Impact of influenza and pneumococcal vaccines on HIV persistence and immune dynamics during suppressive antiretroviral therapy.

Abstract

We sought to determine if standard influenza and pneumococcal vaccines can be used to stimulate HIV reservoirs during antiretroviral therapy (ART). A prospective, randomized, double-blinded, placebo-controlled, crossover trial of two clinically recommended vaccines (influenza and pneumococcal). Persons with HIV on ART ( N = 54) were enrolled in the clinical trial. Blood was collected at baseline and days 2,4,7,14, and 30 postimmunizations.
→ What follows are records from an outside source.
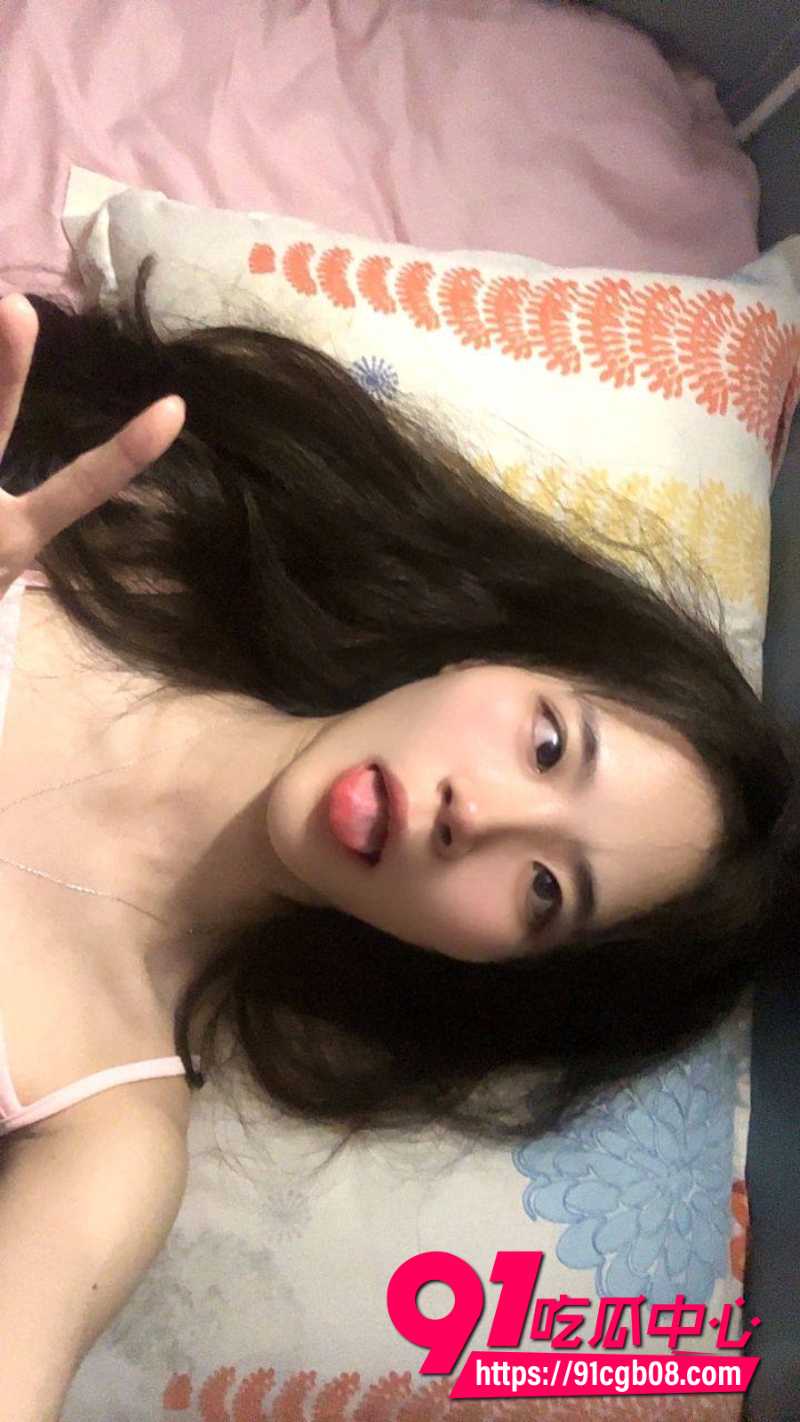 绝美纤细清纯女友3 绝美纤细清纯女友3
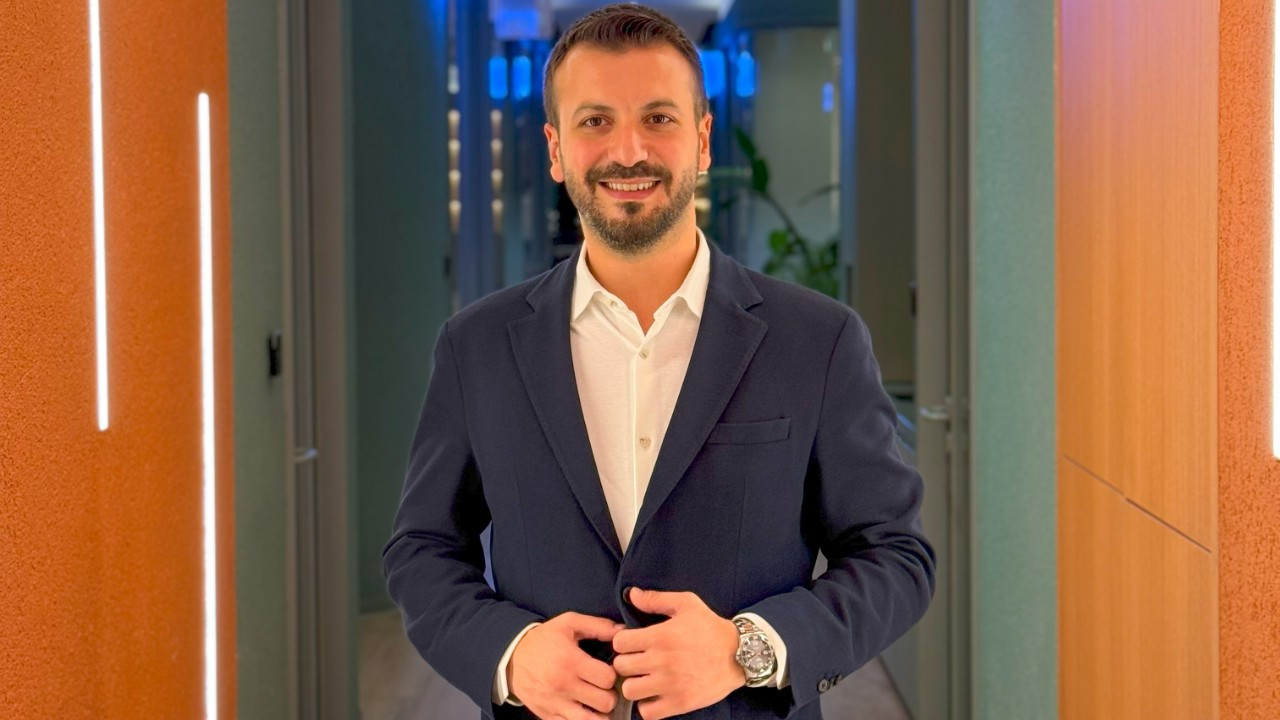 Şirket kurma ve büyüme süreçlerinde dijitalleşme hızlanıyor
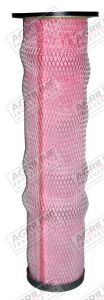 Air Filter - Inner - 1930537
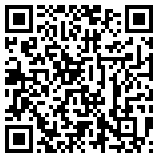 QR Code for Quarry Village Apartments in Gibsonburg, OH 43431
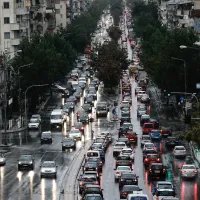 Εικόνες δρόμου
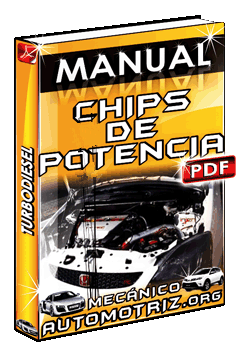 Descargar Manual de Chips de Potencia para Turbodiesel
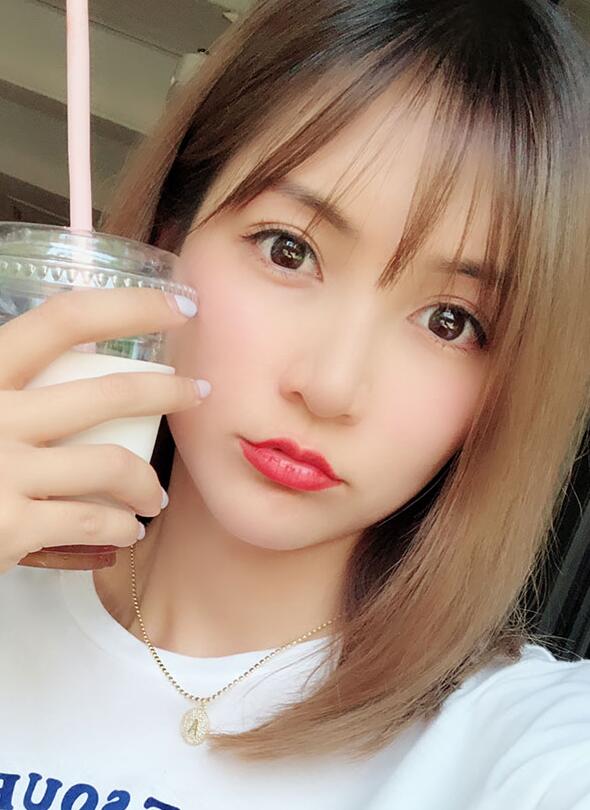 QQ截图20190124135402.jpg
Levels of cellular HIV RNA and HIV DNA were measured by ddPCR. Expression of immunological markers on T cell subsets was measured by flow cytometry. Changes in unspliced cellular HIV RNA from baseline to day 7 postinjection between each vaccine and placebo was the primary outcome. Forty-seven participants completed at least one cycle and there were no serious adverse events related to the intervention. We observed no significant differences in the change in cellular HIV RNA after either vaccine compared with placebo at any timepoint. In secondary analyses, we observed a transient increase in total HIV DNA levels after influenza vaccine, as well as increased T cell activation and exhaustion on CD4 + T cells after pneumococcal vaccine. Clinically recommended vaccines were well tolerated but did not appear to stimulate the immune system strongly enough to elicit significantly noticeable HIV RNA transcription during ART.Clinicaltrials.gov identifier: NCT02707692.